Finding Wholeness in a Broken World
Pt 2 – Getting Started
John 4:7-26; 39-45
“I just want someone to help me.” Those were the words that started this series in my heart – as the words of a young man echoed the words of so many others. Into the brokenness of this world the words of Jesus pour out like water to wanderer in the desert. “I am leaving you with a gift—peace of mind and heart. And the peace I give isn’t like the peace the world gives. So don’t be troubled or afraid.” Two longings fill our hearts in this world; the longing to be loved and the longing to be whole. Our hearts cry out that there must be something better than the brokenness that we are living in. Marriages, homes, and lives languishing in unfulfilled potential and shattered dreams. So the question we left last week with was – where do I start – how do I begin this journey to wholeness that comes with following Jesus. To answer that question let’s look at a person who started the journey.
John 4
Confront your brokenness – If you want to be whole you have to stop justifying, explaining, and rationalizing brokenness. I said last week that the most damaging lie of the enemy is “It can’t get any better than this.” I love the way Jesus handles this situation. He cuts right to the chase “If you knew who I was you would ask and I would give you a gift that you can’t imagine.” Jesus knows the thirst that is in her – he see’s her loneliness, her pain, her hearts longing. She doesn’t see it but He does. Sometimes like my old friend Henry our pain and brokenness becomes an old friend. Jesus gets right to the heart of the matter – “Go, call your husband and come here.” Two schools of thought exist 1) that she had been married and put away by her husband 5 times and now was ready to get married again. 2) that she was a woman of suspect morality having lived with many men in immoral relationships over time. It honestly doesn’t matter – the reality of her plight remains the same – her heart isn’t whole – her life isn’t whole. Jesus says let’s stop playing games and beating around the bush let’s talk about what’s holding you back. If we want to get better we have to admit we are broken. If we want our marriages to get better we have to stop blaming each other for why they are broken and start picking up the pieces. If our relationships keep falling apart we need to take a look at who we are and what our part in that is. If our children are running wild we need to stop casting blame and start looking for a better way.

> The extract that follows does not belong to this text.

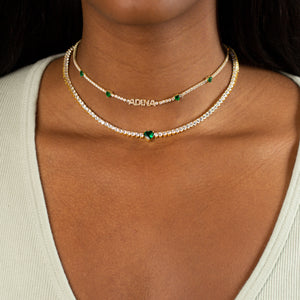  CZ Colored Tennis Nameplate Choker - Adina Eden's Jewels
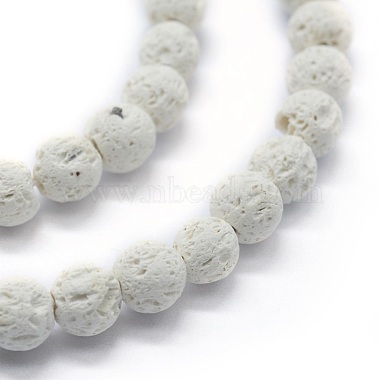 Brins de perles rondes en pierre de lave naturelle(X-G-E508-04-6mm)-3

Embrace Positive Change – You can’t have it both ways. You can’t be who you are and who you want to be at the same time. The truth is that brokenness in life requires fundamental change. One of the reasons that life doesn’t get better for us is that we are so resistant to change.
The Blame Game – It’s their fault – I don’t need to change they need to change. Well maybe positive change starts with you. You cannot control what anyone else does but you can control what you do. Change begins at the place of most control.
Pride Lie – I’m fine everyone else is just stupid. Change starts in the mirror. Take ownership of your part of the problem. Requires self-awareness – if you don’t have it get help.
Pain-o-meter – Truth is that experience tells us that “people change when the pain of remaining the same is greater than the pain of change.”
We have been created for more than this. Jesus offers us life and wholeness that are not found as a last resort. No one can keep you from being all that God created you to be but you. If we are willing to change He can show us a better way. I have said before if you are not willing to change then get used to your life as it is. If you always do what you’ve always done you will always get what you’ve already got.
Move – your desire must direct your actions. 5 frogs on a log. Desire is not enough. It’s not enough to want to be whole. It’s not enough to want things to get better. You have to make them better. Wholeness is not going to sneak up and grab you. Our desire for more must be married to actions that produce more. Our desire for change must be married to actions that illicit change. Stop letting life happen to you and begin to live life as it was intended to be lived. Jesus says to broken people – follow me. Stop following you and start following me. Things will not get better until you begin to move.